Today, after completing construction, landing tenants and selling its commercial buildings, Hagay’s group has sold the rest of the project, now called The Gramercy, and again fetched a hefty sum.
Developer Lyon Living acquired The Gramercy’s two four-story apartment buildings and 12.6 acres of vacant land and parking lots. The $45.75 million purchase closed May 31, property records show.
Lyon plans to build more apartments and a hotel at The Gramercy, and the purchase comes as investors buy a rising tally of rental complexes around the valley.
It also marks a full exit for The Gramercy’s prior owners, who bought the mothballed project for cents on the dollar after Las Vegas’ real estate market collapsed, and when the economy was in far worse shape than it is today.
Frank Suryan, chairman and CEO of Newport Beach, California-based Lyon, said in an interview that The Gramercy, on Russell Road just west of the 215 Beltway in the southwest valley, sits right off the freeway and has “higher-end” workforce housing and easy access to places like Summerlin and the Strip.
“I love the location,” he said.
Suryan said he aims to break ground on the planned 300-unit apartment building and 175-room hotel at the start of 2019.
WGH Partners co-founder Benjy Garfinkle, whose firm teamed with The Krausz Cos. to buy the mixed-use project in 2013, noted that developers are building a lot of apartments in Las Vegas but don’t normally include on-site commercial space.
The Gramercy’s two four-story office and retail buildings were almost fully leased last year when The Koll Co. and Estein USA bought them for $61.75 million. Ground-floor tenants include DW Bistro, Pinches Tacos and The Cuppa Coffee Bar.
According to Garfinkle, The Gramercy’s apartments are “give or take” 90 percent occupied, though Suryan put the figure at 83 or 84 percent. Either way, Lyon paid top dollar for them.
The apartment buildings have 160 units total, and property records show they traded for $37 million. That amounts to $231,250 per unit, more than double the market average last year, as tracked by brokerage Colliers International.

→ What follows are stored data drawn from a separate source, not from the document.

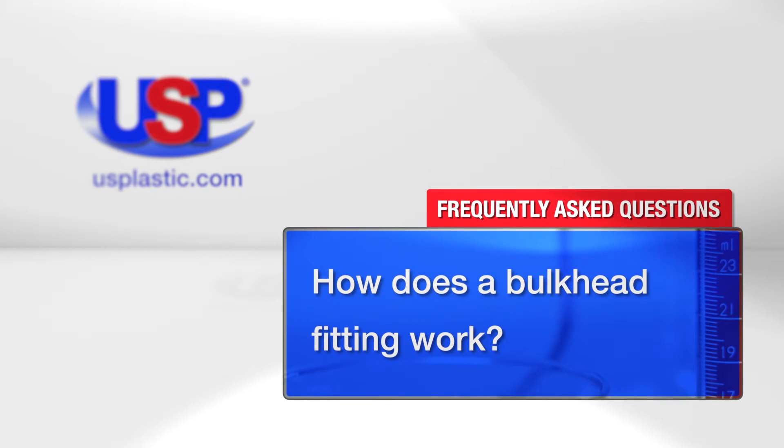Today we're answering the question: how does a bulkhead fitting work? The purpose of bulkhead fittings is to provide a point of attachment where piping connections can be made to tanks.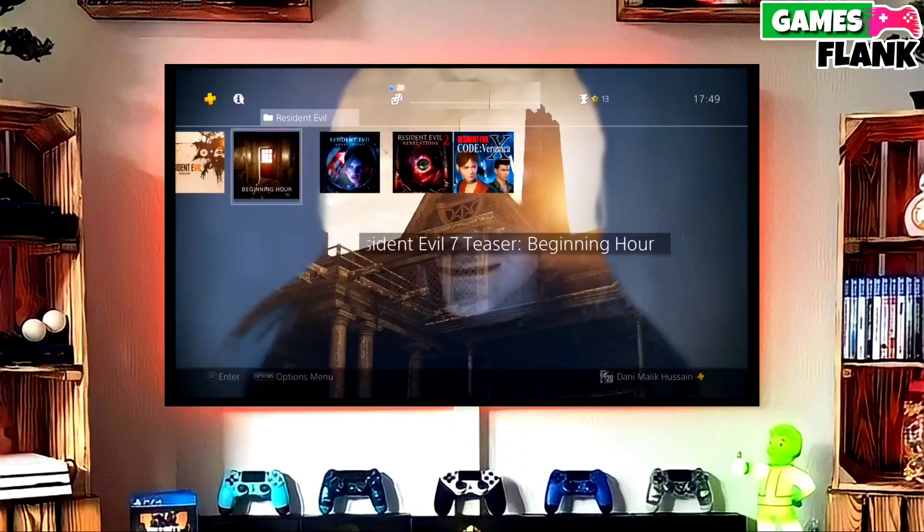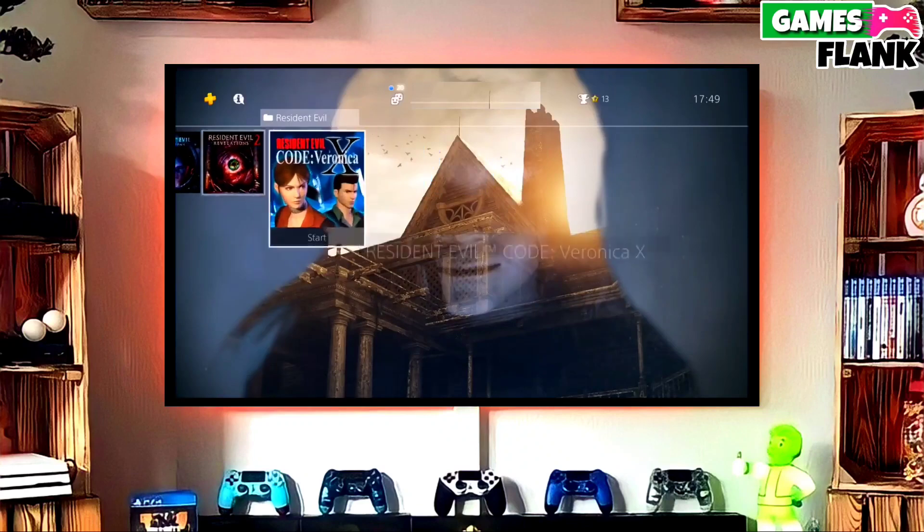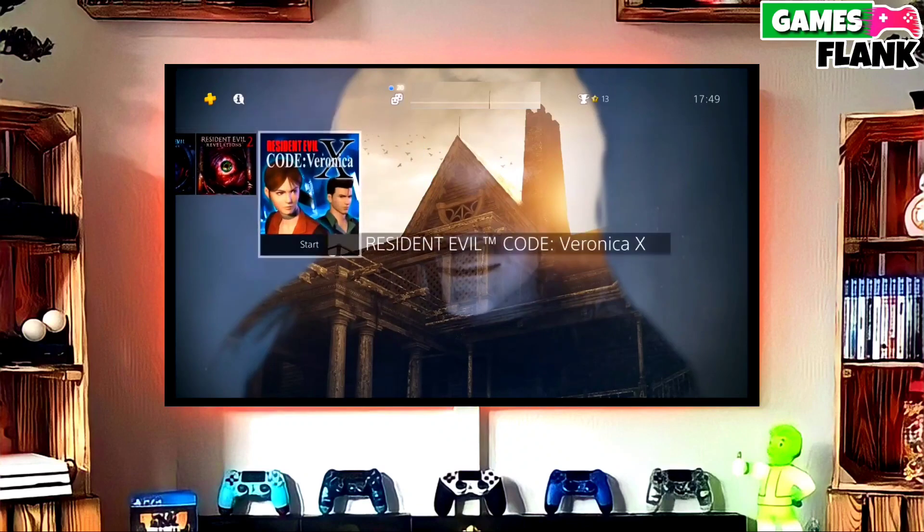Hey guys, my name is Williams and today I am going to show you how you can jailbreak your PS4 11.02 with GoldHen.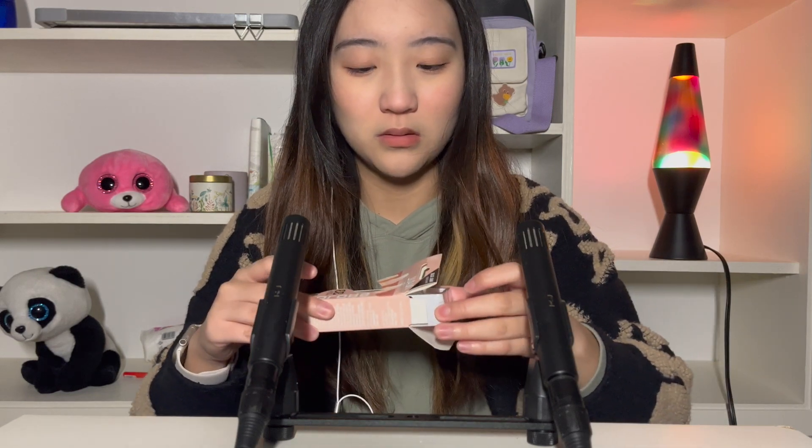I just ripped the box. A lot of items just fell out. So there's this cute file that looks like this. Nail glue. And of course, these nails. These are what they look like. Very basic, like, cute. That was literally it. That's how I picked these nails — cute.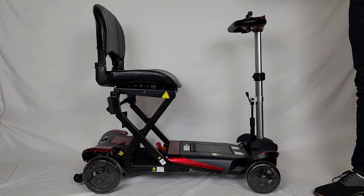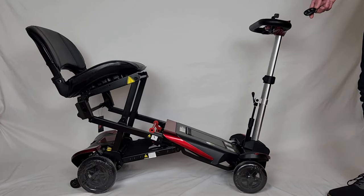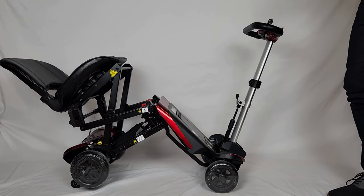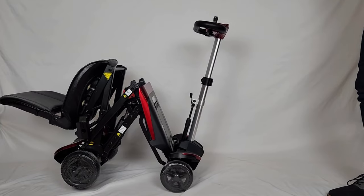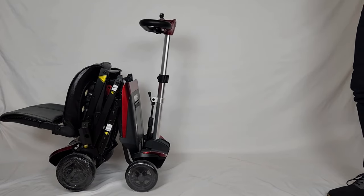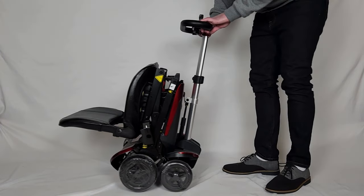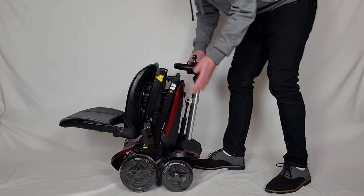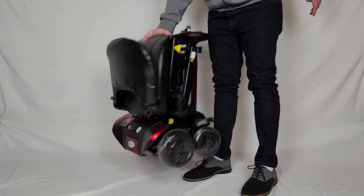At that point you're going to hit the fold button just once and you're going to see that it is going to fold halfway up. Once it stops you're just going to press it one more time. From here if you're ready to store it away you can lower the steering column, pull your seat up — and look how compact that is.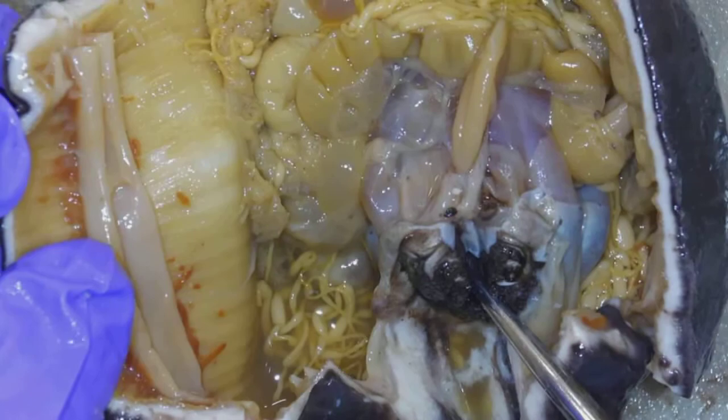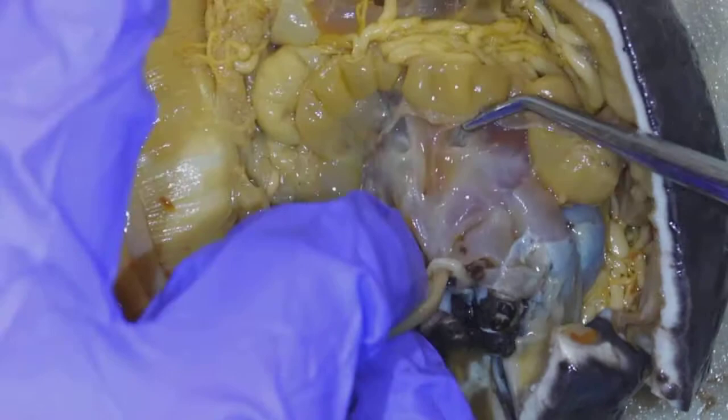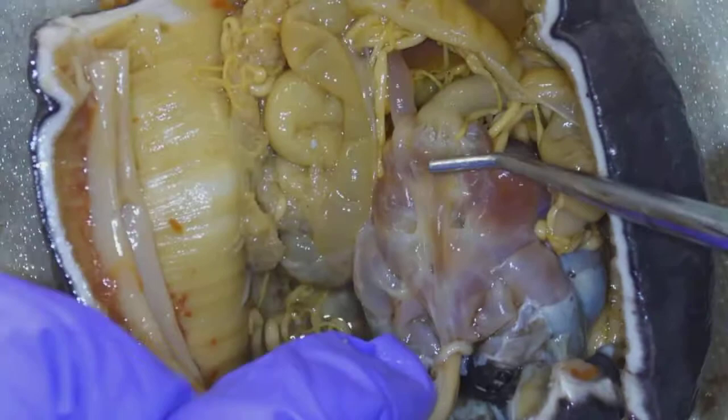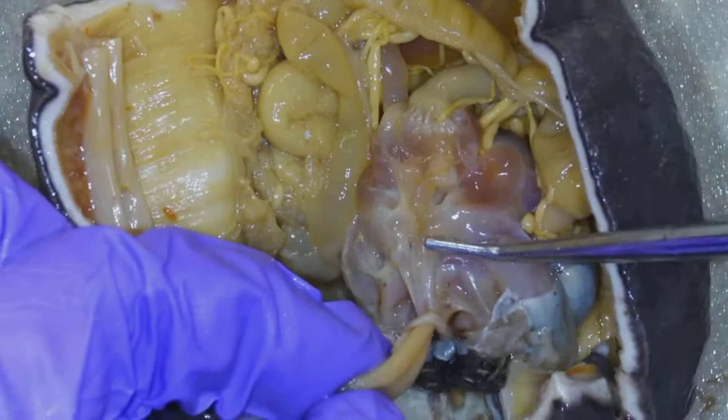The opening here through the tentacles is going to be the mouth. So this opening in the tentacles is the mouth. You can see this is a cut longitudinal muscle. Right after the mouth is going to be the stomach.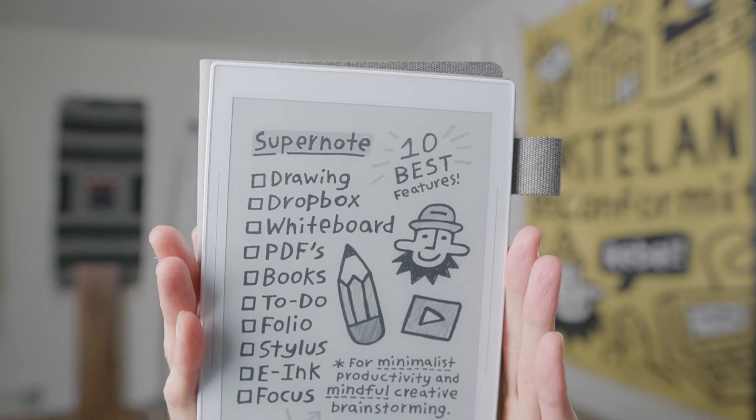Hello, my name's Andrew, and today we're doing a first impression review of the SuperNote Nomad. I'm going to talk about my top 10 features after trying it out for a week so far. For some background, I'm an illustrator, writer, and filmmaker, so I'm kind of the ideal person for a productivity tablet like this.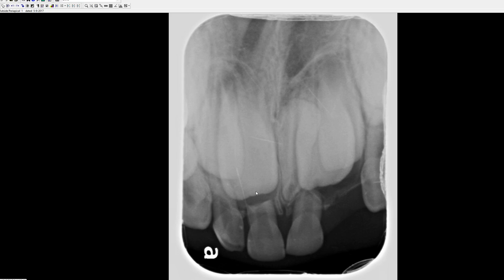Right above that, we have quite a bit of root resorption, as expected. We see the crown of tooth number eight — a big crown. And also, what you should be able to see is the crown of the lateral incisor right there, and you see a portion of the canine as well — the crown of the canine.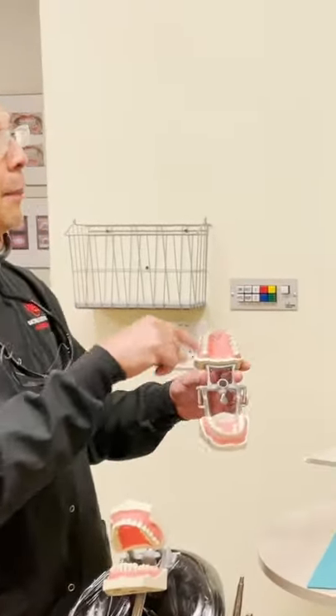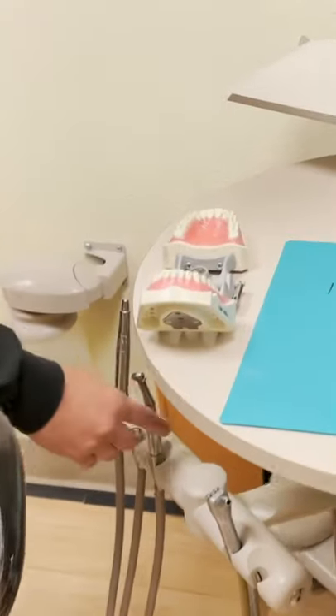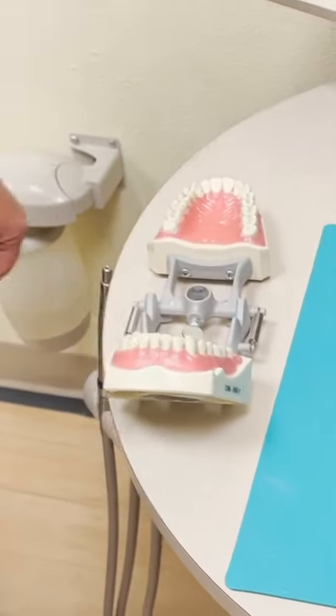Most of the time you want to go ahead and practice first on the table. The way that you want to do this, if you're doing this at home, is to try to simulate everything that you're going to have during your bench prep bench exam.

Developer Alex Edelstein envisioned ManhattanWest as having 600-plus homes as well as offices, retail space and a hotel — one of many high-density, urban-style projects underway in Las Vegas during the bubble years last decade.
But Edelstein reportedly lost his funding and stopped construction in late 2008 as the economy was crashing, and he left the site untouched — one of many abandoned, partially built projects blighting Las Vegas during the recession.
Garfinkle has said Edelstein spent $170 million on the project.
WGH and Krausz bought ManhattanWest for $20 million, renamed it and finished much of what Edelstein left behind, the main exception being his unfinished nine-story condo tower, which they imploded in 2015.
“That was a big decision to blow that thing up,” Garfinkle said.
Hagay, also a WGH co-founder, said last week’s sale was “closure for us.” When his group bought the property, Las Vegas’ unemployment rate was nearly double the current rate, and Hagay said no one thought the project could be saved.
“Everybody said it’s not going to work,” he said.